The code of practice must include:

  • That every person is entitled to work free of harassment
  • Identify the person responsible for implementation
  • Employee reporting
  • Investigation & documentation procedures
  • Corrective measure procedures
  • Employee follow up measures
  • Training needs.

 

Contact business resources for a code of practice template.

Violence risk assessment (all businesses)

Every business is required to do an assessment. This assessment:

  • Must be done in conjunction with health & safety committees and/or representatives
  • Must be documented
  • Must be made available to OHS committee and safety reps

 

The assessment should include:

  • The history of violence at that workplace.
    • Incident reports and investigations
    • First aid records
    • Joint health and safety committee (JHSC) minutes
  • A physical inspection of the workplace:
    • Workplace design and layout
    • Administrative practices (visitor policy)
    • Work practices (handling money, greeting the public)
  • The history of violence at similar workplaces. Information could be obtained through:
    • Insurance companies
    • Local police departments
    • Relevant publications
    • Professional associations
  • Risk factors associated with violence, such as:
    • processes or situations (working alone, working with the public, handling
    • large amounts of cash, etc.)
    • roles and responsibilities (cashiers handling money, by-law enforcement
    • officers, couriers visiting numerous workplaces, etc.)
    • Possible exposure to sexual violence
    • Whether intimate partner or domestic partner violence might spill over into the workplace
    • Hours of operation
    • Location and neighbourhood characteristics

 

Contact business resources for a violence assessment template.

Code of practice for violence prevention (see requirements)

**Although your business may not be required to have a Code of practice for Violence Prevention, we recommend implementing this to all businesses.
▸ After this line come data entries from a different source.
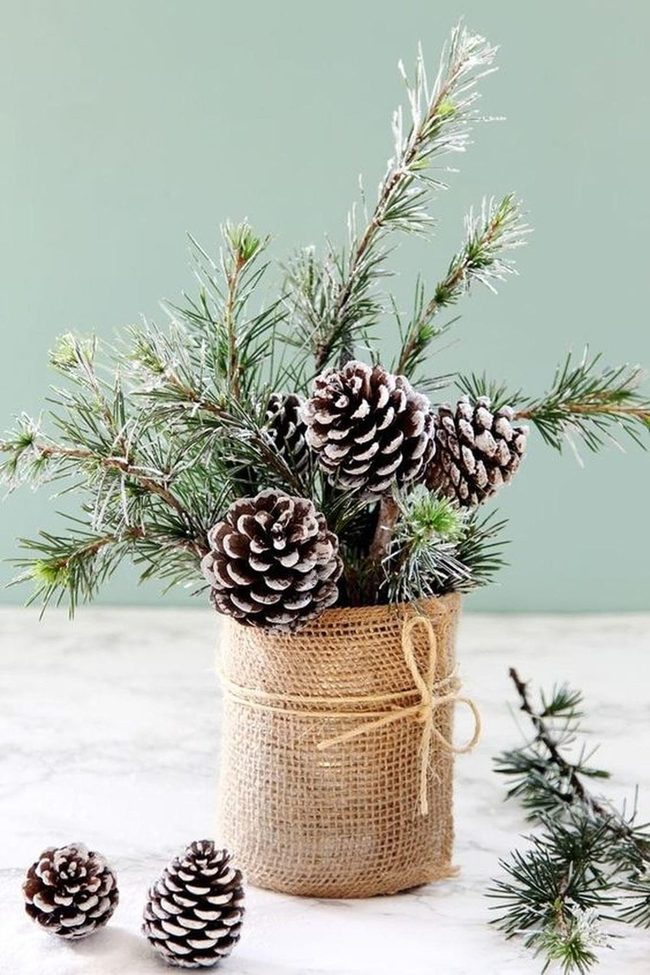 Frosted Pine With Burlap Base
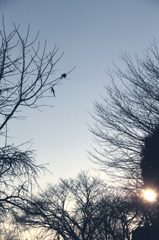 夕方の公園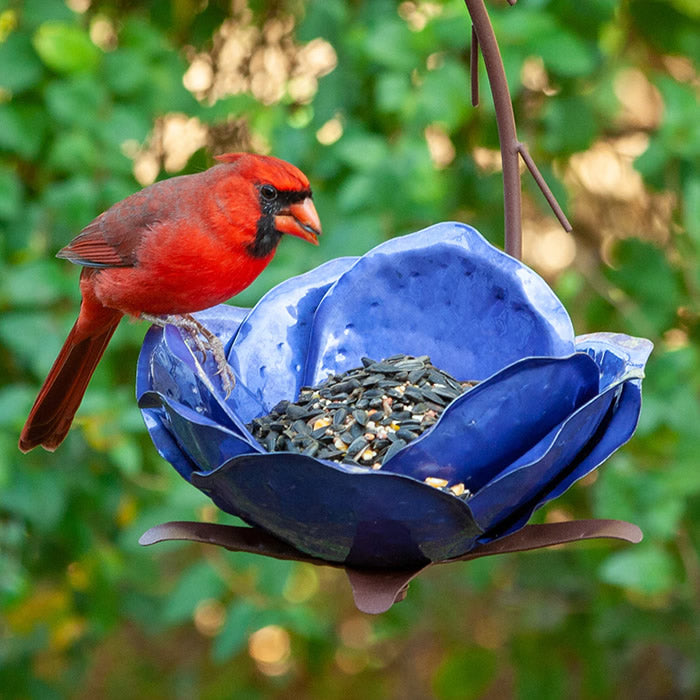 Mystic Merlin Bird Feeder with rounded petals, handcrafted steel, hanging design, and ample perching space, attracting various birds. Durable, rust-proof, and easy to refill.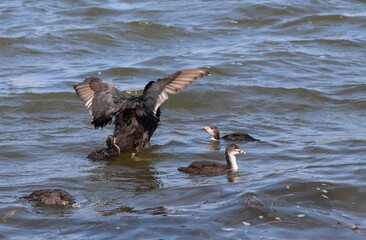 Eurasian coot, or common coot, or Australian coot (Lat. Fulica atra) family swimming. Parent and juvenile aquatic birds. Black red-eyed adult waterbird with brood of baby chicks flapping wings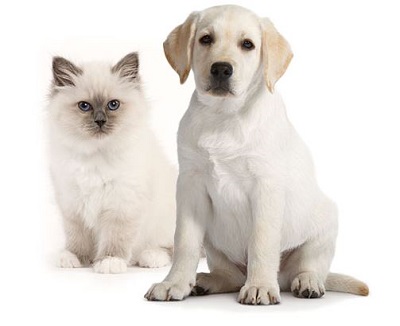 Royal canin starter kits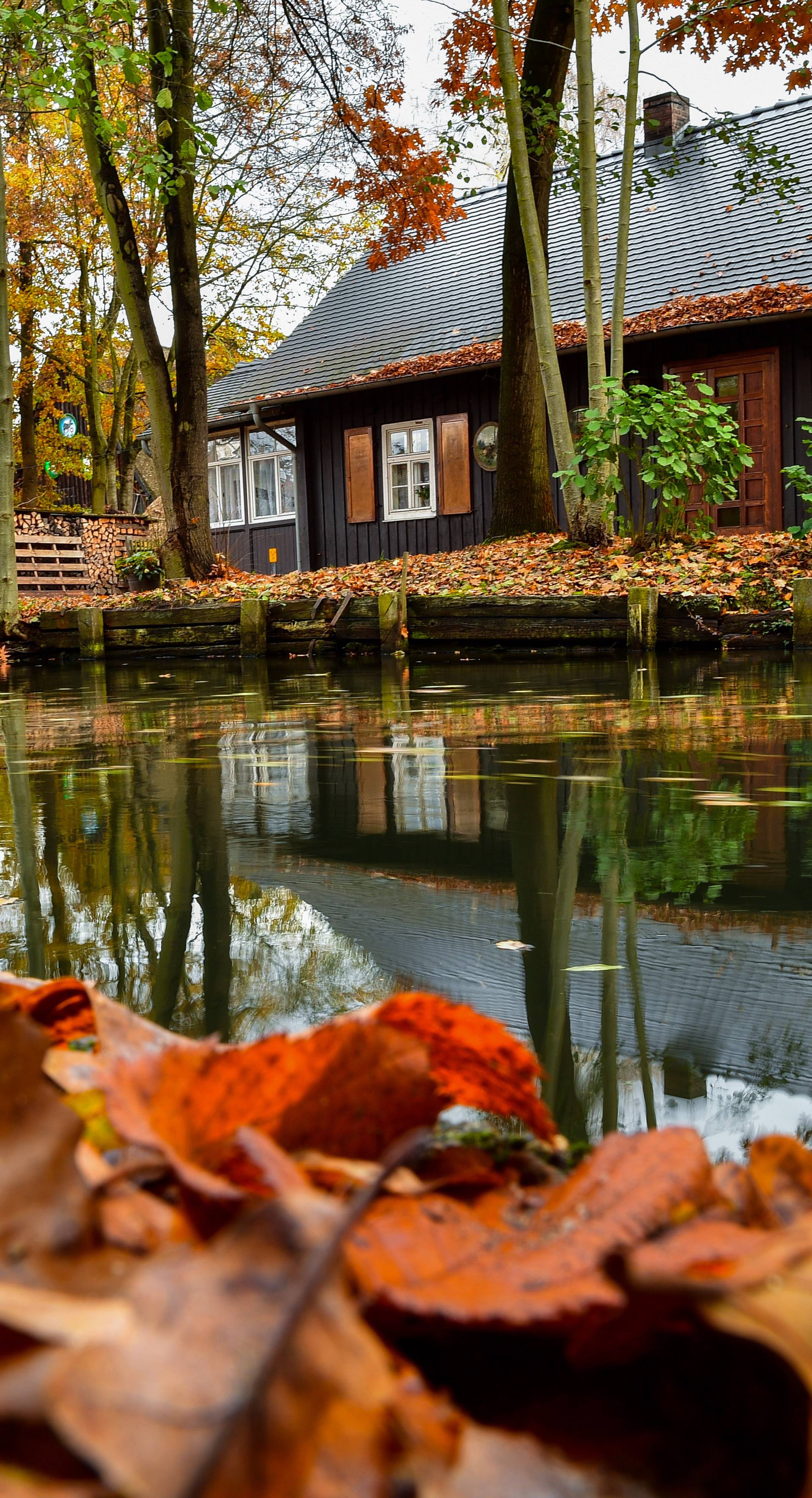 Autumn in Spreewald forest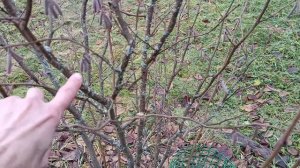 Фундук , состояние посадок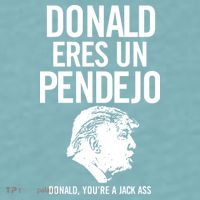 Donald Eres Un Pendejo Jack Ass Sueded Cloud Jersey T-Shirt thumb 2
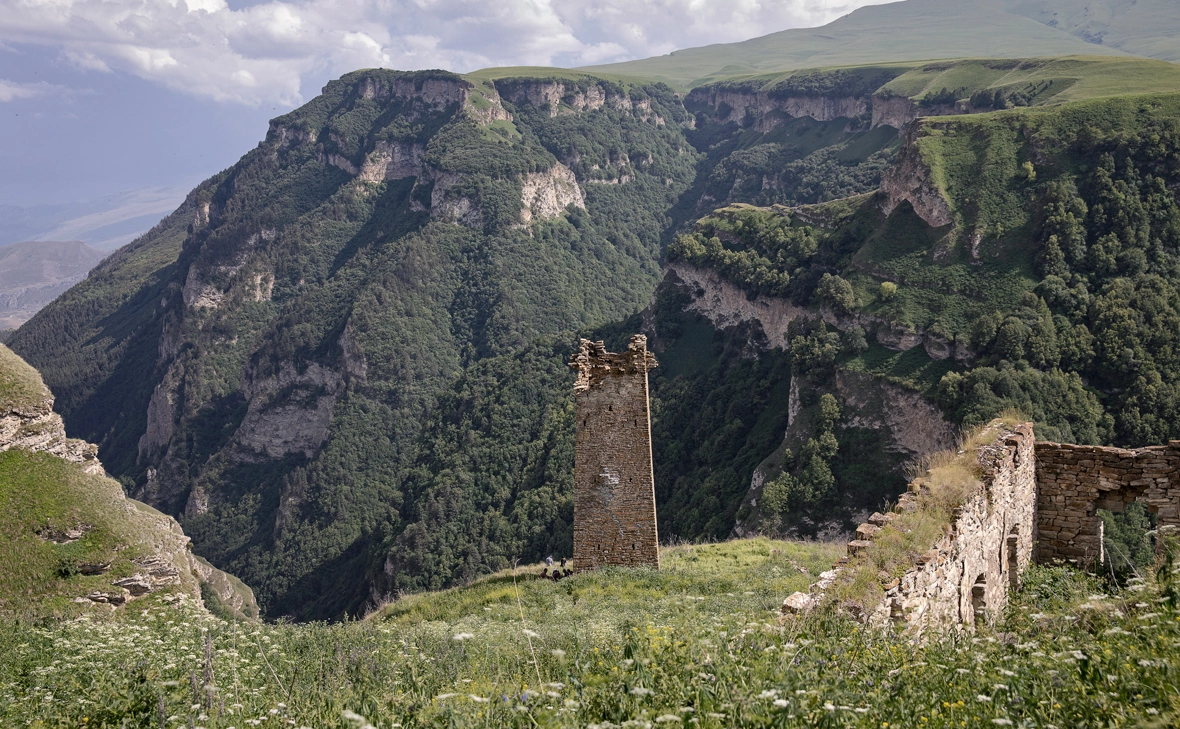 Елена Афонина / ТАСС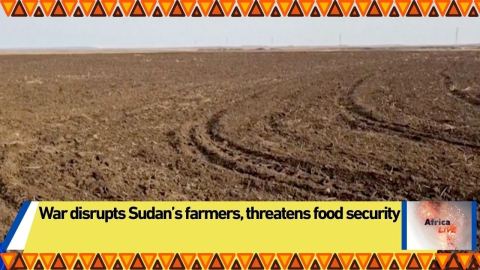 War disrupts Sudan’s farmers, threatens food security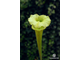 Семена Sarracenia hybrid 5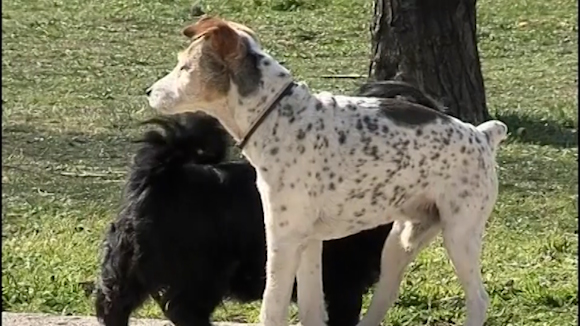 L'alcaldessa fa una crida al civisme perquè els propietaris de gossos recullin els excrements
You are required to have a code of practice if the following circumstances exist:

  • You regularly employ 20 or more employees in NB.
  • If work is carried out under any of the below circumstances:
    • Public service employee
    • Supplier of goods or services to a government department
    • Employee of an emergency service provider
    • Health professional
    • Pharmacist
    • Veterinarian
    • Social worker, outreach worker, crisis intervener or support worker
    • Employee of an agency defined in the Private Investigators and Security Services Act
    • Person registered or licensed under legislation to provide financial services
  • The following types of work are done:
    • Teaching
    • Early learning and childcare services
    • Retail sales
    • Transporting goods or persons for hire in a vehicle (whether a public vehicle or privately owned)
    • Home support services
  • Work is carried on at:
    • A casino or other gaming premises (under the Gaming Control Act)
    • A place where a license or permit has been issued under the Liquor Control Act and where the public has access
    • A cannabis retail outlet (under the Cannabis Control Act)
  • If you regularly employ FEWER than 20 employees and are NOT included in the type of work or professions listed above, but your risk assessment for violence has identified a risk, you must develop a code of practice for violence.

 

This code of practice:

  • Must be done in conjunction with health & safety committees and/or representatives
  • Must be documented
  • Must be made available to OHS committee and safety reps

 

This code of practice should include:

  • Risky locations & circumstances
  • Types of violence
  • Categories of employees/types of work
  • Person responsible for implementation
  • Employee reporting
  • Mitigation actions including
    • Equipment & procedures
    • Follow up
    • Emergency assistance
    • Investigation
    • Corrective measures
    • Training

 

Contact business resources for a code of practice template.

 

Having a workplace that is violence and harassment free is for the safety of everyone.